(What you have to do): Taking the line with "this 480×269 image." as the first and the last line of the listing as the final one, please copy exactly those lines and no others, without pictures.

(Data excerpts):

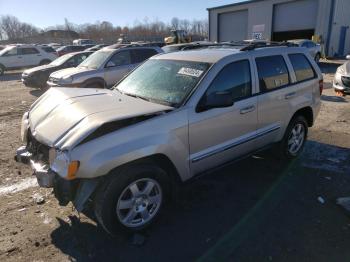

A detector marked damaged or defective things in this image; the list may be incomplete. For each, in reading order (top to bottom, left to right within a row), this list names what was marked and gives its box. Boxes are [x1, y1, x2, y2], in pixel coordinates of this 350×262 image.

crumpled hood [28, 87, 173, 147]
damaged front bumper [15, 146, 55, 187]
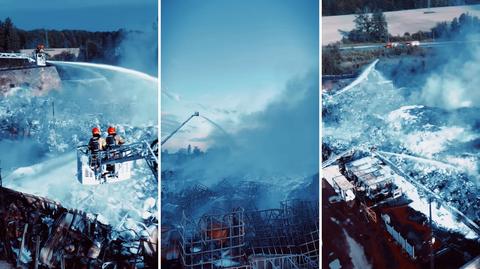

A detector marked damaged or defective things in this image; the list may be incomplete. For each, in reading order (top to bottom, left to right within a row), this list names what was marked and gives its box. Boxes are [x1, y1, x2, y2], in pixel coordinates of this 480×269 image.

burnt rubble heap [0, 186, 158, 268]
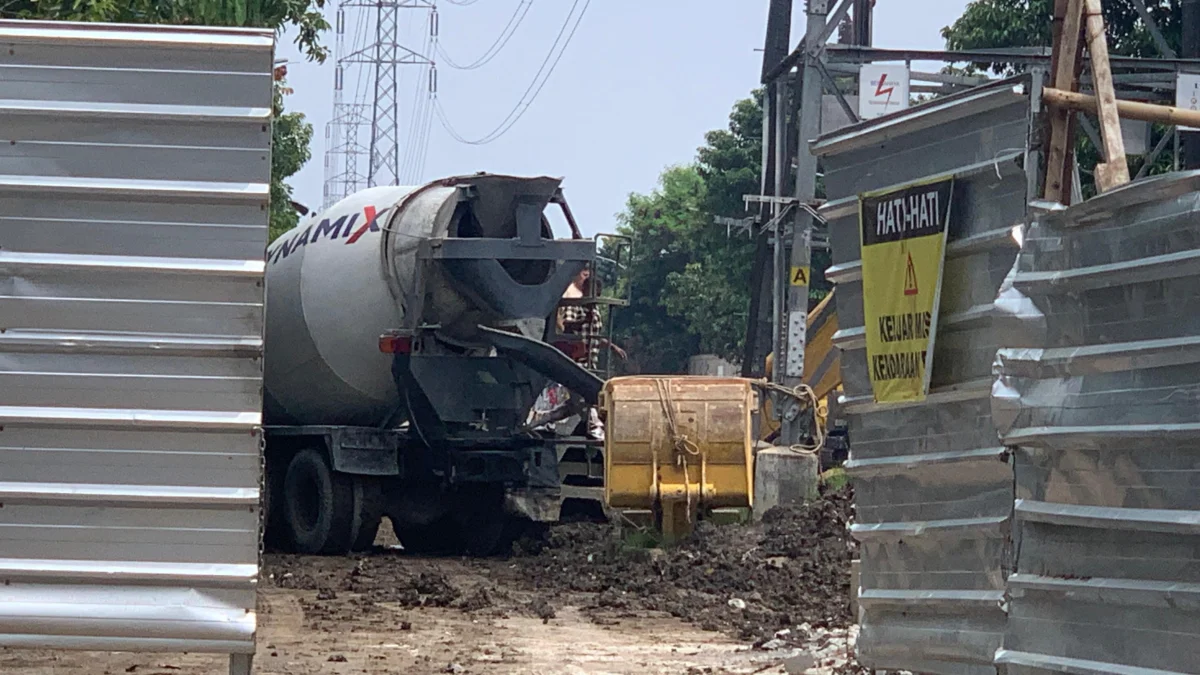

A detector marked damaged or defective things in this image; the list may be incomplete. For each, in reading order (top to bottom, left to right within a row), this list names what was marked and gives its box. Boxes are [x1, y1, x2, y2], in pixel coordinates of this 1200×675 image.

rusty metal panel [0, 19, 271, 658]
rusty metal panel [811, 74, 1036, 672]
rusty metal panel [988, 170, 1200, 667]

(Your solution):
A detector marked damaged or defective things in this image; the list may be incomplete. For each, in reading order (top to bottom, left to right within a row), this list names what was marked and gives its box. Boxes are [x1, y1, x2, y2], in pixel coordinates of this 480×269 image.

burnt rubble heap [0, 186, 158, 268]

A detector marked damaged or defective things in this image; the list may be incomplete. For each, in reading order (top to bottom, left to right within a row), this list names what was marked and gives its box. Boxes are [x1, y1, x2, y2], in pixel coordinates of this 1200×675 image.

rusty metal panel [0, 19, 271, 658]
rusty metal panel [811, 74, 1036, 672]
rusty metal panel [988, 170, 1200, 667]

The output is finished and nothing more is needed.